I’d like to believe that I’m quite fortunate. At my age, I’ve exposed myself to so much emotions, experiences, and circumstances that have – like a fermenting wine – mature my way of thinking and the manner in which I make my decisions in life.
Don’t get me wrong. Like every imperfect individual, I still have my trivial perspectives; and I’m proud to admit that. However, more than anything else, I believe that every experience has taught enormous lessons that ferment every bottle until it’s at its peak of enjoyment.
My most recent decision is a case-in-point. I had a wonderful relationship with a very special someone for almost 10 months. Prior to the relationship, I just came out of another relationship of pure bliss – the kind that blinds you precisely because it seemed so perfect (this is a separate blog all-together J).

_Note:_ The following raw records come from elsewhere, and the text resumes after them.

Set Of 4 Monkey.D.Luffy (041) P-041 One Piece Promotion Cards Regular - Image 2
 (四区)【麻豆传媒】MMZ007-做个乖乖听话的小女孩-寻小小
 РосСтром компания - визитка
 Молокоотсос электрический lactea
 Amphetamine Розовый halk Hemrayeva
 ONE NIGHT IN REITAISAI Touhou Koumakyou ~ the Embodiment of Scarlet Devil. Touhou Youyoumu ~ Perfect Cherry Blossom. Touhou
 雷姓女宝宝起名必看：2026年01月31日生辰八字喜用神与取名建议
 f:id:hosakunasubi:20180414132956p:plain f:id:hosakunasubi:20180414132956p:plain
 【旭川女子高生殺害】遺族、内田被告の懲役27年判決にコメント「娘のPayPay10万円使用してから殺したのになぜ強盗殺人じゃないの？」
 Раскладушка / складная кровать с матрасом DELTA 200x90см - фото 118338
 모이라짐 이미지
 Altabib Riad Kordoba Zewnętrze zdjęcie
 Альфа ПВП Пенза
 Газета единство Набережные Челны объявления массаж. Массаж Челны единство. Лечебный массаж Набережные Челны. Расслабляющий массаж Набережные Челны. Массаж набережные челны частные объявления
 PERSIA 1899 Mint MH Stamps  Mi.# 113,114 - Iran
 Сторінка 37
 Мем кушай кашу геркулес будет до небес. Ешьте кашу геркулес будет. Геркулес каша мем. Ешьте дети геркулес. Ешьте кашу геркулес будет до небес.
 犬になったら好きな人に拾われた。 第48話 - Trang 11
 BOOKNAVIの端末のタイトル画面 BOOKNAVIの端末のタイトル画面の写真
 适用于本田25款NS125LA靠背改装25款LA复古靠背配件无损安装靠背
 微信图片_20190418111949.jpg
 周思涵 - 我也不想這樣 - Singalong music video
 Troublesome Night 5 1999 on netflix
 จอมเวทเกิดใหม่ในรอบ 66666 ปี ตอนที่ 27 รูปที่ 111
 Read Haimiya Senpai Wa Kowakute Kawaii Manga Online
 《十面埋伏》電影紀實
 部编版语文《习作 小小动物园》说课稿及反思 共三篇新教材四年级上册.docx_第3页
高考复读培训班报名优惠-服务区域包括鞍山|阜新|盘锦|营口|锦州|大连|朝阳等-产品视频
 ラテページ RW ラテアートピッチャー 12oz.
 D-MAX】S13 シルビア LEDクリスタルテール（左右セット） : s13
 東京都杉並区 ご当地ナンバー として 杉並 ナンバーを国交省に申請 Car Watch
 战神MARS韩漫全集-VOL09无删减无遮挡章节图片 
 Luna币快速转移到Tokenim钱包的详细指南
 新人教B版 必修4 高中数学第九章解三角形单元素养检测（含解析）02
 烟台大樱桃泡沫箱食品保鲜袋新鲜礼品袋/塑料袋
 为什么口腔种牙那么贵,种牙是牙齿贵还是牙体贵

Coming from this premise – the blissful relationship – I sought for ‘reality.’ My famous line was “don’t give me someone perfect, give me someone real.”
“Real” for me means the acceptance of what love is – that it is not merely the enjoyment of that perfect-blissful-moment, but it’s also the territory of accepting the flaws of the other party, and being able to surpass them together, as the relationship grows.
Surprisingly, it happened; or so I thought.
I had a wonderful relationship with Mr.real – there was no bullshit… people had their separate identities which tried to compromise as it blended-in the relationship. Take note of what I said, “compromise” and not “alter.” However, there was a problem with the set up of my relationship with Mr. Real. I wanted something which was acceptable; he wanted something else which was also acceptable. In the end, it didn’t work out because we wanted two different things which were not necessarily wrong… just different. I broke it off because I thought it was the mature thing to do, as much as it was the right thing to do.
As expressed always by the great vine, break-ups are never easy, even towards the one who called it quits.
Again, I charge this to experience, and hope both parties get the fundamental moral of the story. After all, life goes on.
As a surprising twist in my life-story’s plot, here I am again, back in the market (so to speak). I went out in a club with a friend, and it hit me again… “I’m back to square-one.” It was exciting, it was frightening…
It was real.
Then, with some divine turnaround, I met someone. I haven’t spoken to my best bud Gym, but I think he’ll agree with me when I say that my life seems to colour itself effortlessly.
I got a glimpse of this special someone at a party few months back. We were interestingly, never introduced; yet, we have a gazillion common friends. I thought that it was just going to be a matter of time until we were to be introduced, so I let it pass. True enough, there was an event which served as an avenue in which a dear friend got to introduced him to me. I heard from that same friend that he had left the event, and bids me a friendly goodbye. I naturally blushed and aggressively asked our friend to challenge him by giving my mobile and by asking him to bid me farewell directly. He did not.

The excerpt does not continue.